If you want to finesse or nuance anything, you can say that Roe v Wade was badly/incompetently decided (which is true, since it was not constitutional for them to have created the notion of 'trimesters,' or to throw out 50 different states' statutes over a case involving only one state). That will signal (regarding federal appointments) you do not favor robotically pro-Roe judges as a matter of legal incompetence, not just as a "litmus test" matter. You can also assert you are not prescribing a one size fits all solution to questions about how to re-enforce an abortion ban, you just support restoring this question to the states, who will in turn create different legal schemas just as before.
It's a wedge issue, but it's a single issue, meaning it's crucial only to the minority of the electorate whose vote will turn on the issue.
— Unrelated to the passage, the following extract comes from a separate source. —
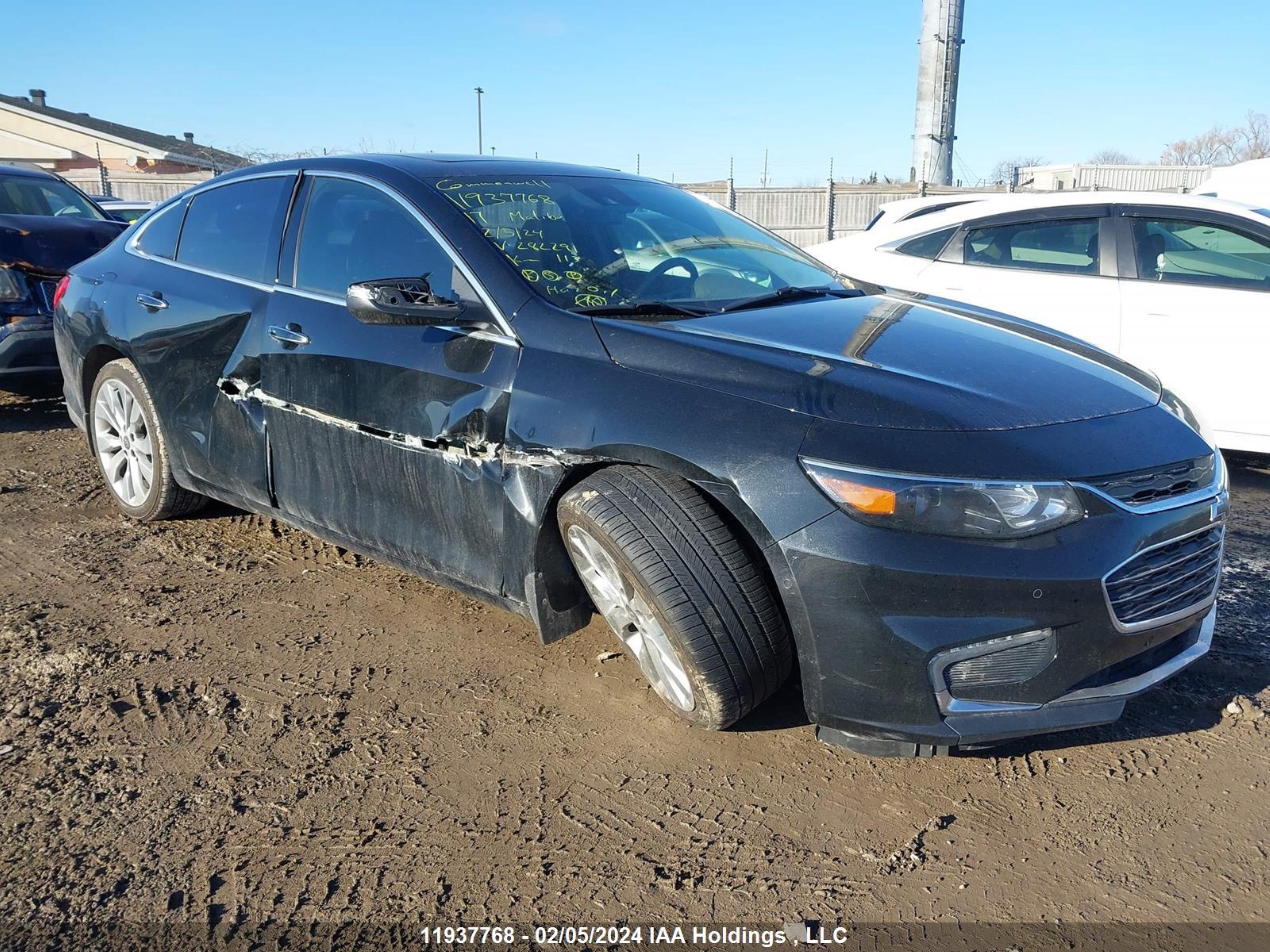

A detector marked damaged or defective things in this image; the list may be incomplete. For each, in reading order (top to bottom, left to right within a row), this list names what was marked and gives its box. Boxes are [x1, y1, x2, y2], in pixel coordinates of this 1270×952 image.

dented front door [260, 175, 518, 597]
damaged dark gray sedan [52, 157, 1229, 756]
Most voters will note your position, but their vote will NOT turn on the issue. Historically, based on decades of elections, it appears single issue voters on abortion break 2-1 pro-life. So as a principled, pro-liberty, constitutional candidate, you might as well break in the direction of life.
Running in a top-two state may be useful in at least one sense---in an extremely Republican or Democratic state, the number two finisher may be simply a second Republican (in the GOP district) or second Democrat (in the Dem district). Meaning, in an open seat scenario, with a small primary turnout and with enough grassroots liberty/CFL/Tea Party coalition support, our candidate could finish 1 or 2 in the primary, instead of the hacks. Rather than plunking around figuring out how to phrase yourself on one position, try to piece together how to put the winning coalition together in your district, and how to get your vote out during the primary.